KOMPAS.com - Setiap 2 Mei, seluruh masyarakat Indonesia memperingati Hari Pendidikan Nasional atau Hardiknas. Walaupun tak dijadikan hari libur, peringatan tersebut bertujuan untuk lebih mengenal pendidikan di Indonesia.
Terpilihnya 2 Mei diambil dari kelahiran Pahlawan Nasional sekaligus Bapak Pendidikan Nasional di Indonesia, Ki Hadjar Dewantara. Beliau lahir pada 2 Mei 1889 di Yogyakarta.
Sistem pendidikan di Indonesia pada era penjajahan begitu memprihatinkan, sekolah-sekolah yang didirikan Belanda tak bisa menyasar dan menerima masyarakat Indonesia secara umum.
Jenjang pendidikan yang berbeda, baik itu dari sekolah dasar hingga sekolah menengah atas terbatas yang hanya bisa dinikmati orang Belanda, keturunan China, hingga anak-anak bangsawan saja.
Hasilnya, masyarakat bumiputra banyak yang tak bisa mendapatkan pendidikan layak. Biasanya mereka hanya berhasil menyelesaikan sekolah rakyat (SR) atau bahkan tak sekolah sama sekali.
Baca juga: Hari Pendidikan Nasional: Mendobrak Label Jenius via Pendidikan Vokasi
Berawal dari keprihatinan terhadap kondisi pendidikan di Indonesia, akhirnya Ki Hadjar Dewantara mulai memikirkan untuk mengembangkan pendidikan yang layak bagi bumiputra. Beliau mendirikan organisasi Taman Siswa di Yogyakarta pada 3 Juli 1922.
Berasal dari Taman Siswa inilah semboyan-semboyan dari Ki Hadjar Dewantara diperkenalkan.
Semboyan itu adalah "ing ngarsa sung tulada" yang artinya di depan memberi teladan, "ing madya mangun karsa" yang artinya di tengah membangun prakarsa atau menjadi penyemangat, dan "tut wuri handayani" yang artinya dari belakang mendukung atau memberi dukungan.
Dikutip dari Harian Kompas yang terbit pada 2 Mei 1968, karena jasa-jasanya, pemerintah akhirnya memberikan penghargaan kepada Ki Hadjar Dewantara yang telah memelopori sistem pendidikan nasional berbasis kepribadian dan kebudayaan nasional.
Ki Hadjar ditetapkan sebagai Bapak Pendidikan Nasional melalui Keputusan Presiden Republik Indonesia Nomor 305 Tahun 1959 pada Tanggal 28 November 1959.

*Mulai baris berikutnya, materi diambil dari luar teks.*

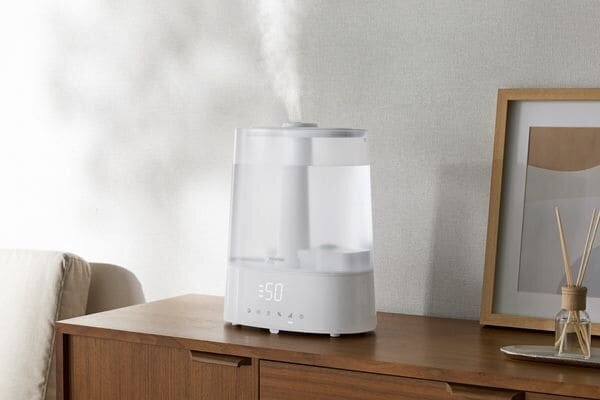 部屋に置かれた上給水超音波ハイブリッド加湿器
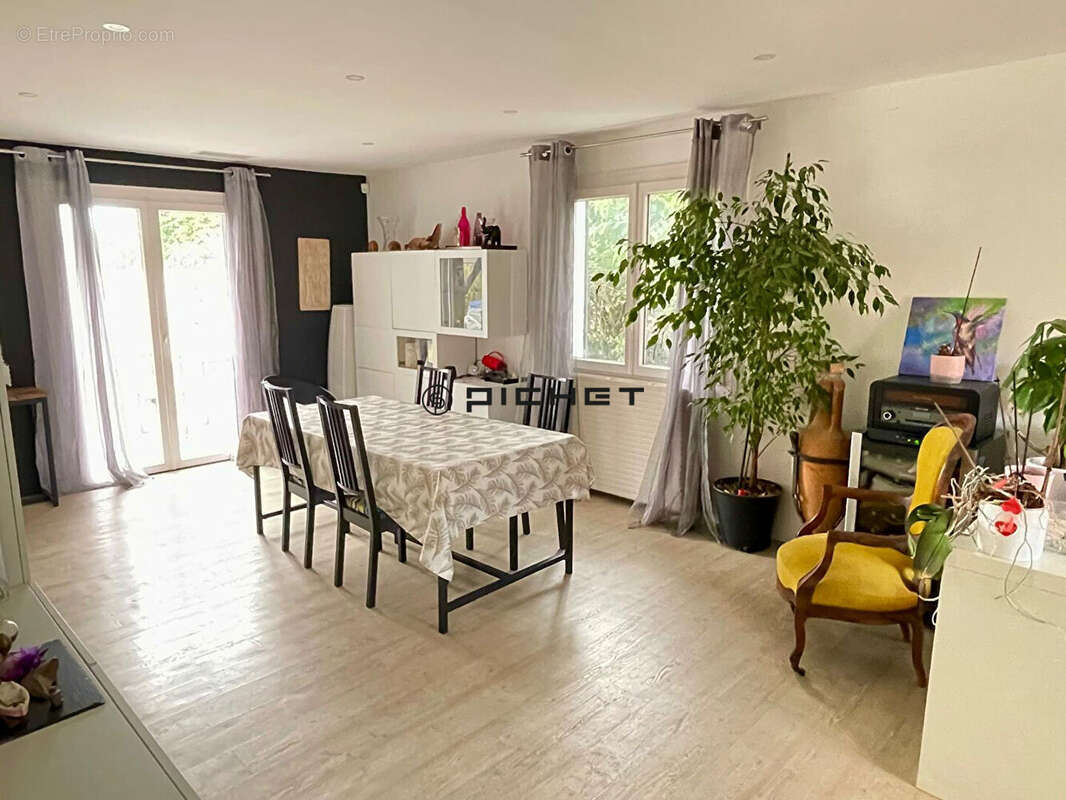 Maison à SAINT-MEDARD-EN-JALLES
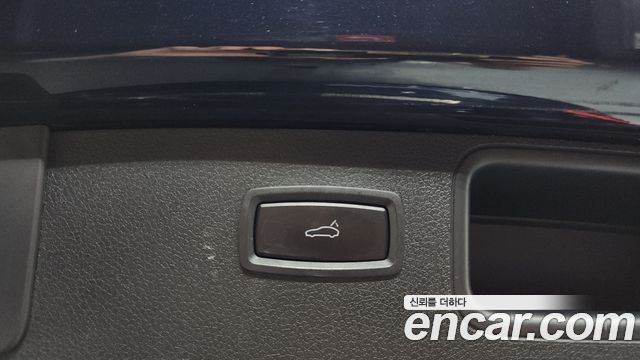 Porsche Macan 2017 — photo 17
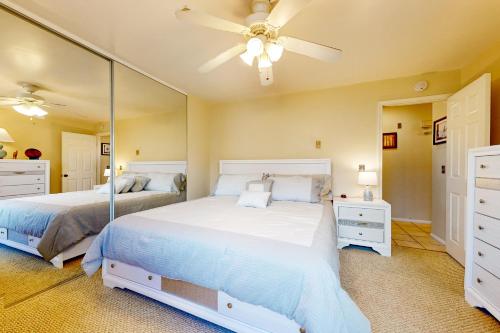 1 Schlafzimmer mit 2 Betten und einem Spiegel in der Unterkunft Sail Bay Hideaway in San Diego
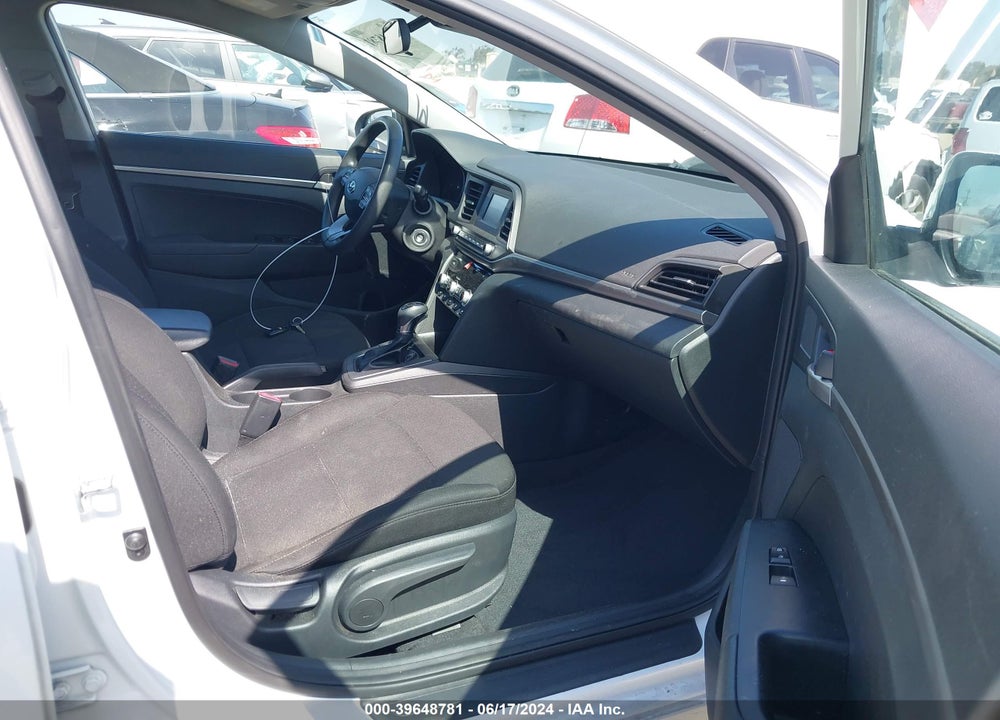 2020 HYUNDAI ELANTRA SE VIN: 5NPD74LF6LH613249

Selain itu, hari lahirnya juga ditetapkan sebagai Hari Pendidikan Nasional sesuai Keputusan Presiden Nomor 316 tahun 1959.
Setelah penetapan itu, pemerintah mulai memperingatinya setiap tahun. Biasanya pihak-pihak lembaga yang terkait dengan pendidikan mulai mengadakan serangkaian acara termasuk lomba.
Presiden Soeharto juga menekankan pentingnya merayakan Hari Pendidikan Nasional untuk menyatakan penghargaan pada perjuangan Ki Hadjar Dewantara.
Namun, pada masa Orde Baru, ada beberapa pihak yang merasa keberatan dengan perayaan tersebut. Dikutip dari Harian Kompas yang terbit pada 3 Mei 1968, Presidium Pusat KAGI dan PB PGRI menolak perayaan itu.
Mereka berpendapat bahwa Ki Hadjar Dewantara bukanlah satu-satunya tokoh pendidikan nasional di Indonesia. Masih ada tokoh lain yang mempunyai andil dalam sistem pendidikan di Indonesia.